Snyder: The Other Los Alamos That Touched Our History

Eastern plains, San Miguel County, New Mexico. Photo by Sharon Snyder

By SHARON SNYDER
Los Alamos Historical Society

When Ashley Pond Jr. founded the Los Alamos Ranch School in 1917, the road from Santa Fe to the school passed through the tiny village of Buckman, situated on the east side of the Rio Grande.

Buckman was a mail stop for the Denver and Rio Grande narrow gauge railroad, and nearby homesteaders and the people from the ranch school crossed a rickety wooden bridge over the river to visit the Buckman post office. The inconvenience prompted A.J. Connell, director of the school, to request a post office. He submitted the ranch name to the postal service, but he soon learned that a town north of Las Vegas, NM, already had the name Los Alamos. He would have to choose another name.

Connell submit three possible names to the U.S. Post Office Department, and, of those three, they selected Otowi. That name was used until the Manhattan Project took over the plateau and Los Alamos mail channeled through P.O. Box 1663 in Santa Fe. In 1946, the Los Alamos Post Office was built and had no trouble claiming the town’s name because the other Los Alamos was long gone, having passed into history on the edge of the prairie in San Miguel County.

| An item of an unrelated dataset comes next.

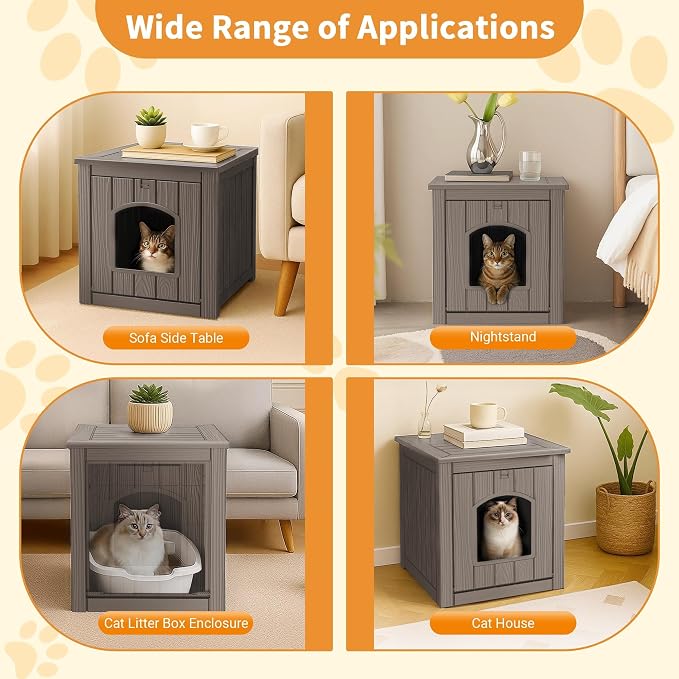 Cat Litter Box Enclosure, Plastic Hidden Litter Box Side Table with Openable Front Door, Cat Box Enclosure Cabinet for Indoor & Outdoor Use, Weatherproof, Easy to Clean & Assemble, Grey - Image 6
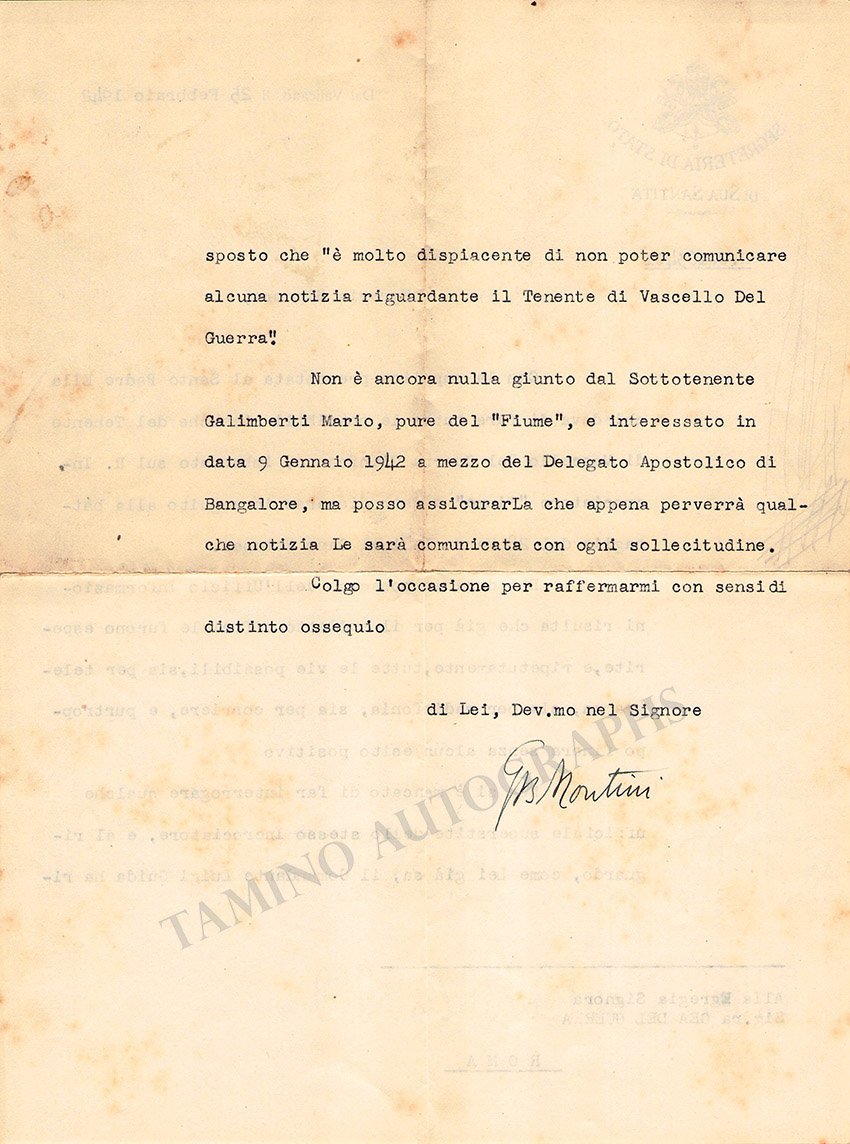 Montini, Giovanni Battista (Pope Paul VI) - Set of two Signed Typed Letters - Tamino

Some two decades ago, former historical society archivist Linda Aldrich and I went to San Miguel County to find what might be left of that other Los Alamos. We soon realized that on the edge of the Great Plains, wooden buildings and dirt roads are quickly reclaimed by the land. The area is ranching country just as it was in the late 1800s and early 20th century, so the surrounding terrain is somewhat the same, but the history of the people who lived there is, for the most part, lost in time. Still, old newspapers and government records can give a glimpse of the life of a once thriving town.

Andres Sena, a “dealer in merchandise,” seems to have been a noted citizen of Los Alamos, as he was mentioned in the Las Vegas newspaper quite often. The advertisements for his ranch told readers that he dealt in “Cattle, Sheep, Wool, Hides, Grain, and all kinds of Produce,” along with “freighting to all parts of the Territory.” According to another article, Sena was one of the largest sheep owners in the Territory, claiming more than 5,000 head.

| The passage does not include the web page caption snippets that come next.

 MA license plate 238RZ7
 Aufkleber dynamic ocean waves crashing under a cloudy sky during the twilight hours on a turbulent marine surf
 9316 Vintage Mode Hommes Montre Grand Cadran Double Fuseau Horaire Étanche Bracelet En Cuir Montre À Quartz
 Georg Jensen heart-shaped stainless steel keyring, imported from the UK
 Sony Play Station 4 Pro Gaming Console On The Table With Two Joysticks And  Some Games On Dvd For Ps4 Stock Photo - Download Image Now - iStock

Charles Ilfeld, a noted entrepreneur in early New Mexico, opened a merchandise store in Los Alamos in addition to operating stores in Las Vegas and Tecolote. Ilfeld was one of the most successful businessmen of his time, and the fact that he opened a store in Los Alamos tells something of the town’s growth and success. However, in another news article we learn that “Manuel Gonzales y Baca broke into the post office and was released on his own recognizance after giving valuable evidence concerning others involved.” Some things never change.

A 1911 article notes that 25 men of Los Alamos were listed “as voting for the adoption and passage of the constitution” for the new State of New Mexico. The people of the other Los Alamos lived through some exciting times.

The 1998 Roads of New Mexico atlas marks Los Alamos in San Miguel County, but it is not listed in the index nor does it give the population figure. In Robert Julyan’s Place Names of New Mexico (1996), the “tiny hamlet” is listed as inhabited. A decade later, Linda Aldrich and I found a small chapel and an old cemetery. That’s not to say that over a hill there might not have been someone still holding on to history.